- **TASK GOAL**: Output each line of the data word for word, from the first through the line that holds "18 Nerrigundah Drive, Glenmaggie VIC 3858", and leave off whatever follows.

(Stored data entries)
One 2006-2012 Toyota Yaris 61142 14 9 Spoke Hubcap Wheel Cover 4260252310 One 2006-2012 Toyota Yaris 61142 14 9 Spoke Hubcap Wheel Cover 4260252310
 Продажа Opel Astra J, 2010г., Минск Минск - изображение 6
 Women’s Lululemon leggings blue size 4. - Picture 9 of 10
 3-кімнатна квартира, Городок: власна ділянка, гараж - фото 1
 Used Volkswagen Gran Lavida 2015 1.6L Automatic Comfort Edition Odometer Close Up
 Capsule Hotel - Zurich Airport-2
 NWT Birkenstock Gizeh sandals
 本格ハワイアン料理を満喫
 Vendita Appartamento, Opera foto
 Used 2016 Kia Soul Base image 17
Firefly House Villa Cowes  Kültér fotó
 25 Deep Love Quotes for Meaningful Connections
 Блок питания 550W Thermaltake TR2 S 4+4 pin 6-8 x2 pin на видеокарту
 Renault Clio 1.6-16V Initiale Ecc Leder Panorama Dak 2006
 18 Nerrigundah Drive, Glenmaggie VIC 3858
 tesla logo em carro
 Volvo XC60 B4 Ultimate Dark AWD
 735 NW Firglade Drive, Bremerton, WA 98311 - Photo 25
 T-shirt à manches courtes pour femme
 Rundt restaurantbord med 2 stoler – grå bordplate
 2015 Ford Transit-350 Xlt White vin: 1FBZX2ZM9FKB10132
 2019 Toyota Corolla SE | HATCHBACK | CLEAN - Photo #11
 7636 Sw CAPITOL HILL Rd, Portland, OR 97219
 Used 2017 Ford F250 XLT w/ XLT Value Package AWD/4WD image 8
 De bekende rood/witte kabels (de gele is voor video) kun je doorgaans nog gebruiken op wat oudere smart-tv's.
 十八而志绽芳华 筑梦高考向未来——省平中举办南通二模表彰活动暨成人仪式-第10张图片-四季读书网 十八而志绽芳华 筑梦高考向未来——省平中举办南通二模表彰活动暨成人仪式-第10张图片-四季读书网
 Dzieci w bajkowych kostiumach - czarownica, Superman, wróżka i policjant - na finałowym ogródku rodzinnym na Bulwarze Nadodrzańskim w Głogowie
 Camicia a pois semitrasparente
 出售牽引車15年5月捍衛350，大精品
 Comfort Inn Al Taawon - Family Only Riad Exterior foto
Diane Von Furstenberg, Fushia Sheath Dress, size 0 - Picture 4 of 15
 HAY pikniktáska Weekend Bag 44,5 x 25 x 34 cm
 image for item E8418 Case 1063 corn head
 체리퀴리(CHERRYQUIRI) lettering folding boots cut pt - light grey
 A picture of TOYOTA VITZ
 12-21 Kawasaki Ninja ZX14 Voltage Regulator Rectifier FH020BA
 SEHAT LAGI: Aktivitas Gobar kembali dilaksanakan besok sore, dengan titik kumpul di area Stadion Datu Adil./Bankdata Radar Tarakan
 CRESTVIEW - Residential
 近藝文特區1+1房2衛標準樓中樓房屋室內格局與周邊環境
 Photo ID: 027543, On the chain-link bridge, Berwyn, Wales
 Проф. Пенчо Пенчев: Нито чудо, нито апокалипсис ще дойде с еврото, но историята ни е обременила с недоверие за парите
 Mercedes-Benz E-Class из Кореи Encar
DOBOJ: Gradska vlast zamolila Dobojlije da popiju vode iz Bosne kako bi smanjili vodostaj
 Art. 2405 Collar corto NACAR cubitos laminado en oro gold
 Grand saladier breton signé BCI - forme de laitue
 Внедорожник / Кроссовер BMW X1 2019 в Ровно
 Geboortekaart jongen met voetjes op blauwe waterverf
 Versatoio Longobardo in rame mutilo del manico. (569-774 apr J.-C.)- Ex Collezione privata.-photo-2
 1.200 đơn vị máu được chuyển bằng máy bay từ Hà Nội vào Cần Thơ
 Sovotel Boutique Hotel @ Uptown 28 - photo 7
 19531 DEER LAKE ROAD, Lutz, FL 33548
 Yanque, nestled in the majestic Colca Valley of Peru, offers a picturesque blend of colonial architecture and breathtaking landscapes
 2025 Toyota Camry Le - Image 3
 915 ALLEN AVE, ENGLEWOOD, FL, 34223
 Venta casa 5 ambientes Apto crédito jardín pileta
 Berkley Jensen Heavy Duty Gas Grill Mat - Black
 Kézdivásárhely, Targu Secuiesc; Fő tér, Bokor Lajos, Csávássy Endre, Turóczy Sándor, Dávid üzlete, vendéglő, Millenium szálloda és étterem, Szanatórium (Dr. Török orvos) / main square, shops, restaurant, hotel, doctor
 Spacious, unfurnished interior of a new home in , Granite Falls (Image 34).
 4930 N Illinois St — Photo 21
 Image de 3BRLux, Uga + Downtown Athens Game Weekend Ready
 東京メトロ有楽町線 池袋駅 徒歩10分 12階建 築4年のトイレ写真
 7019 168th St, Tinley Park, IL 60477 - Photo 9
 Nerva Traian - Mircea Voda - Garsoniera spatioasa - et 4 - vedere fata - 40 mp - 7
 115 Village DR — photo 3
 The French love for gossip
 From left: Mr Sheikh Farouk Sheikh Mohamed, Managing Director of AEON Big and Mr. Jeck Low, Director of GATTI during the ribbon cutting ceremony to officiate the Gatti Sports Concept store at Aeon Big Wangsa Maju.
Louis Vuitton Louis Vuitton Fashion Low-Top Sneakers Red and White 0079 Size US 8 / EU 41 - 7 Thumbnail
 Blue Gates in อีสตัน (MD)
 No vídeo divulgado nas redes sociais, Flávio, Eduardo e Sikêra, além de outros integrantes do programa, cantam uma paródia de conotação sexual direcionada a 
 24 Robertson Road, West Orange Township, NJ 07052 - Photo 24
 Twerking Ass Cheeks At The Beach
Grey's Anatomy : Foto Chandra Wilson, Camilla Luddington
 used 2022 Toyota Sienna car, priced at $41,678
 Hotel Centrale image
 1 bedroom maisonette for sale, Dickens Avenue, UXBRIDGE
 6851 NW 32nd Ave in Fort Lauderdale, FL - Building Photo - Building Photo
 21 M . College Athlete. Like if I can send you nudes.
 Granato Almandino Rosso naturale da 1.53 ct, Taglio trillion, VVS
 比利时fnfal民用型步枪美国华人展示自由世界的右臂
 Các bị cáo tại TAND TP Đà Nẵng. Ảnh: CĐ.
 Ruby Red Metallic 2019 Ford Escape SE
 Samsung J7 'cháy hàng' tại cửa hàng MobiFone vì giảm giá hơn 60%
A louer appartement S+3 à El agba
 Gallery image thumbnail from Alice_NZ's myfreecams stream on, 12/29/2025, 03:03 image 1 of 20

- **RESULT**:
One 2006-2012 Toyota Yaris 61142 14 9 Spoke Hubcap Wheel Cover 4260252310 One 2006-2012 Toyota Yaris 61142 14 9 Spoke Hubcap Wheel Cover 4260252310
 Продажа Opel Astra J, 2010г., Минск Минск - изображение 6
 Women’s Lululemon leggings blue size 4. - Picture 9 of 10
 3-кімнатна квартира, Городок: власна ділянка, гараж - фото 1
 Used Volkswagen Gran Lavida 2015 1.6L Automatic Comfort Edition Odometer Close Up
 Capsule Hotel - Zurich Airport-2
 NWT Birkenstock Gizeh sandals
 本格ハワイアン料理を満喫
 Vendita Appartamento, Opera foto
 Used 2016 Kia Soul Base image 17
Firefly House Villa Cowes  Kültér fotó
 25 Deep Love Quotes for Meaningful Connections
 Блок питания 550W Thermaltake TR2 S 4+4 pin 6-8 x2 pin на видеокарту
 Renault Clio 1.6-16V Initiale Ecc Leder Panorama Dak 2006
 18 Nerrigundah Drive, Glenmaggie VIC 3858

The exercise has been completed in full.